[[ Supplied entries open ]]

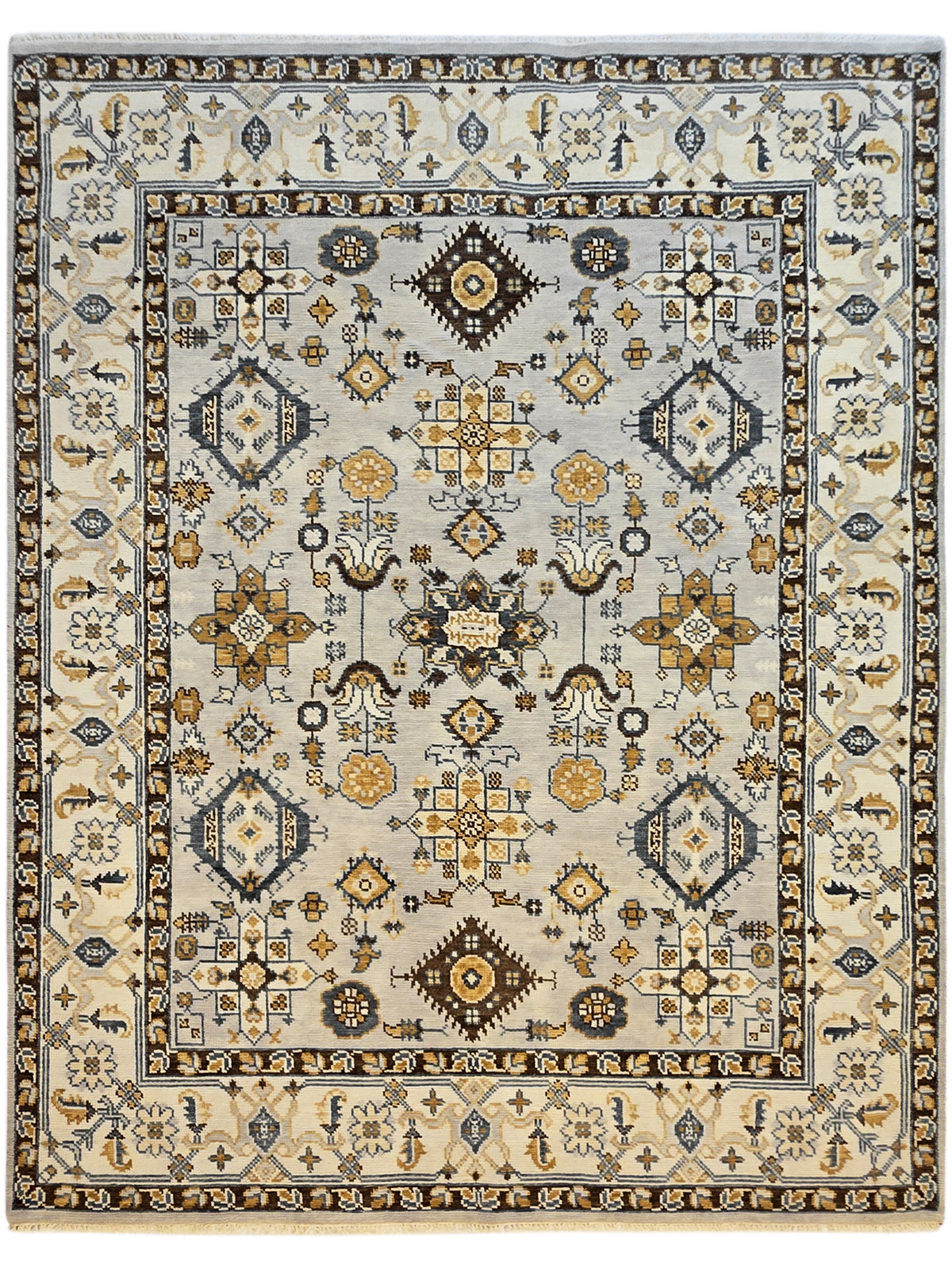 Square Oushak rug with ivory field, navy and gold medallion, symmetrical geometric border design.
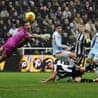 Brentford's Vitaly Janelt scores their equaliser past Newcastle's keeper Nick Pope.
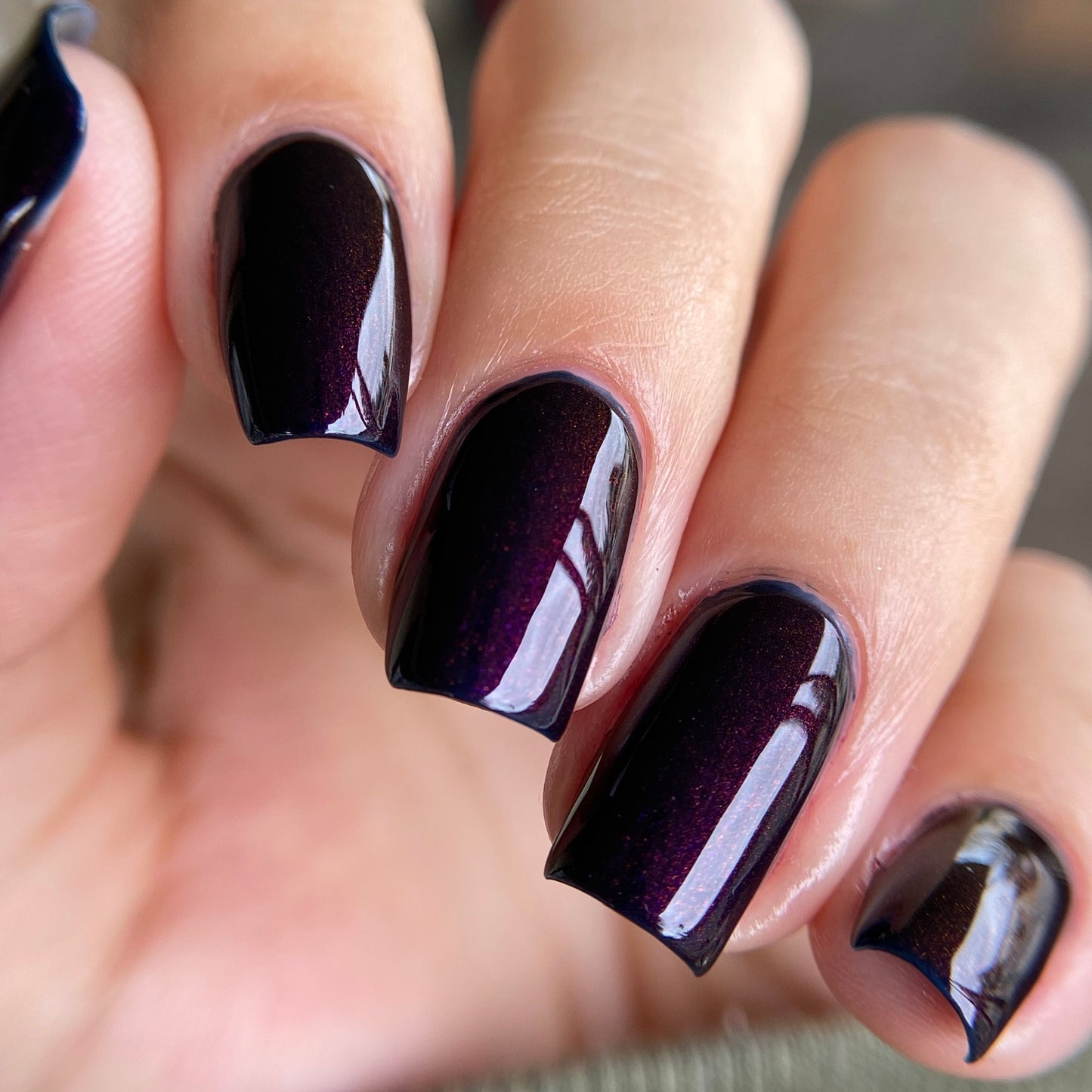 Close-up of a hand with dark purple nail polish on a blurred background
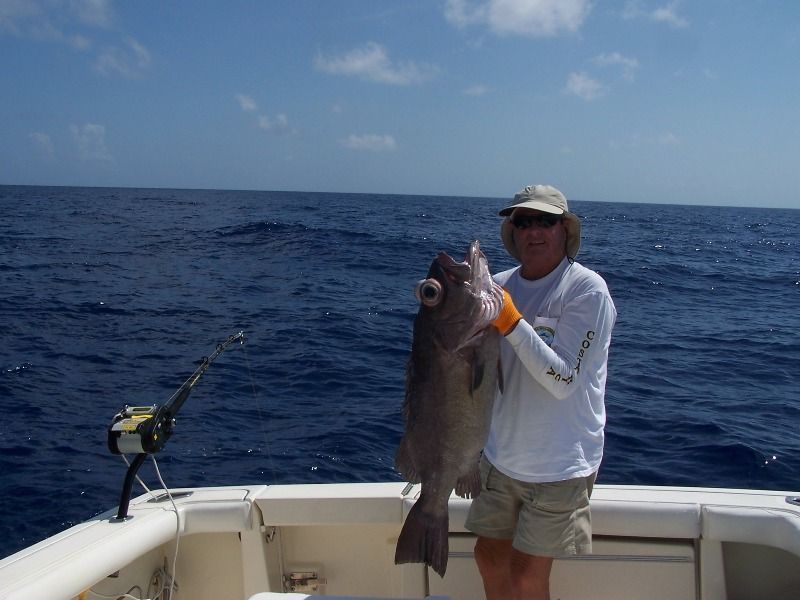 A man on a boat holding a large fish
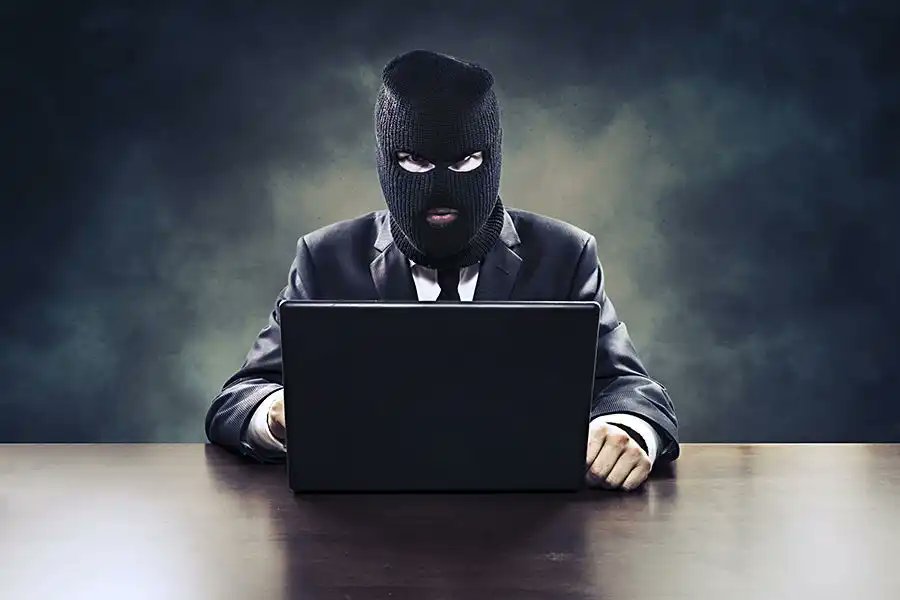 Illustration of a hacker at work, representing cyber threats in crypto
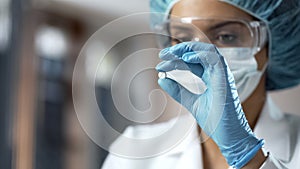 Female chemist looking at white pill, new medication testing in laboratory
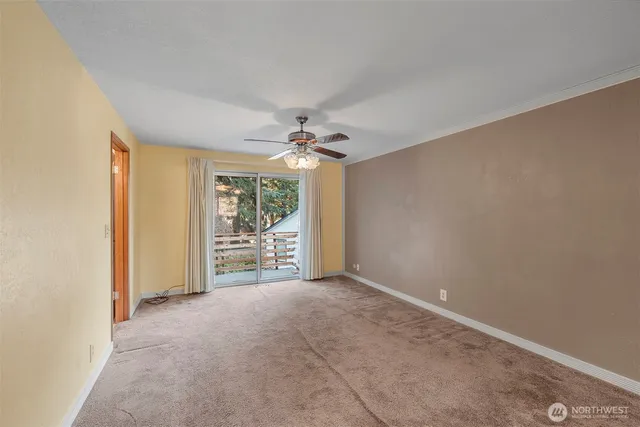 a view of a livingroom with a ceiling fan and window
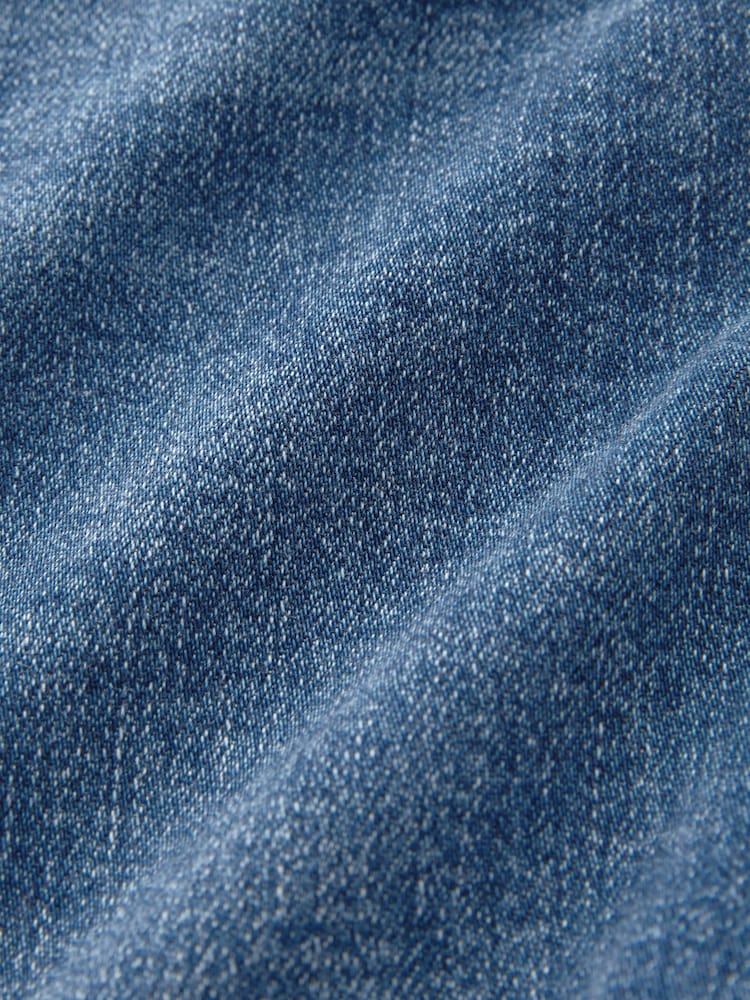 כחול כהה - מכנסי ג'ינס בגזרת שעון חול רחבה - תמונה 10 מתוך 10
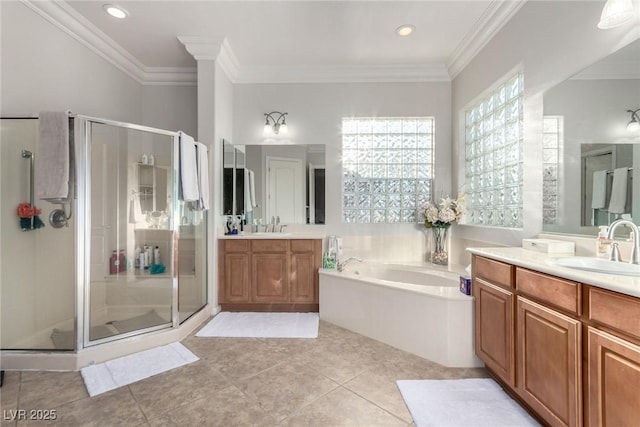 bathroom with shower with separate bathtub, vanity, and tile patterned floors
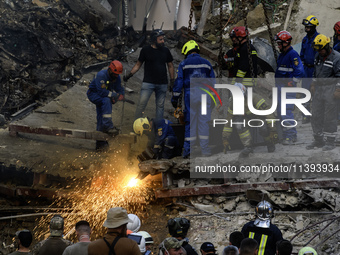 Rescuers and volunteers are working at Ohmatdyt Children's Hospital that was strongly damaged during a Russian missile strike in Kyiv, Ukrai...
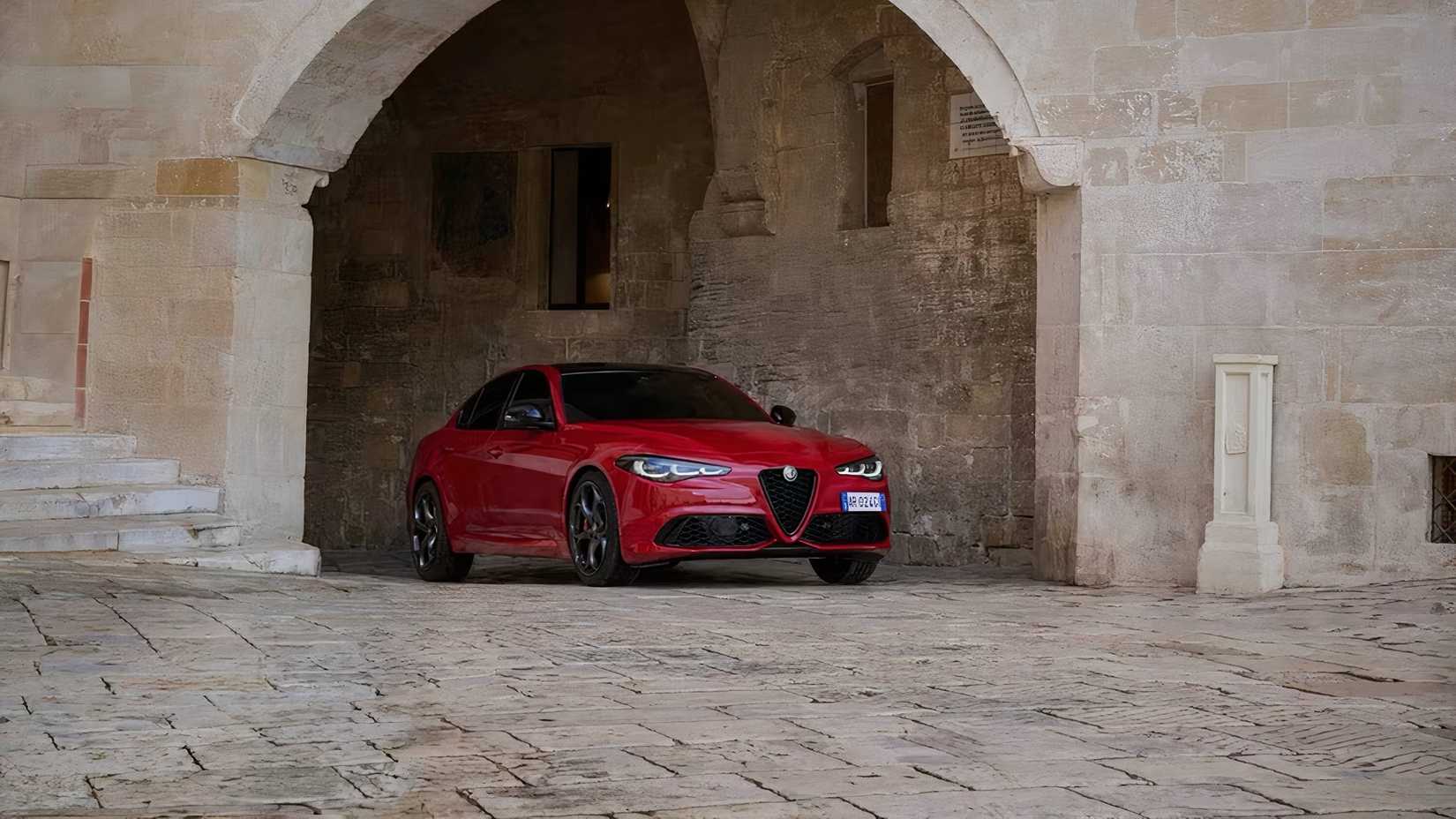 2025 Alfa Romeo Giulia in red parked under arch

[[ Supplied entries closed ]]

**Your objective:** Where a record above contains a picture, leave the picture out and transcribe everything else exactly.

**Result below:**
 Square Oushak rug with ivory field, navy and gold medallion, symmetrical geometric border design.
 Brentford's Vitaly Janelt scores their equaliser past Newcastle's keeper Nick Pope.
 Close-up of a hand with dark purple nail polish on a blurred background
 A man on a boat holding a large fish
 Illustration of a hacker at work, representing cyber threats in crypto
 Female chemist looking at white pill, new medication testing in laboratory
 a view of a livingroom with a ceiling fan and window
 כחול כהה - מכנסי ג'ינס בגזרת שעון חול רחבה - תמונה 10 מתוך 10
 bathroom with shower with separate bathtub, vanity, and tile patterned floors
 Rescuers and volunteers are working at Ohmatdyt Children's Hospital that was strongly damaged during a Russian missile strike in Kyiv, Ukrai...
 2025 Alfa Romeo Giulia in red parked under arch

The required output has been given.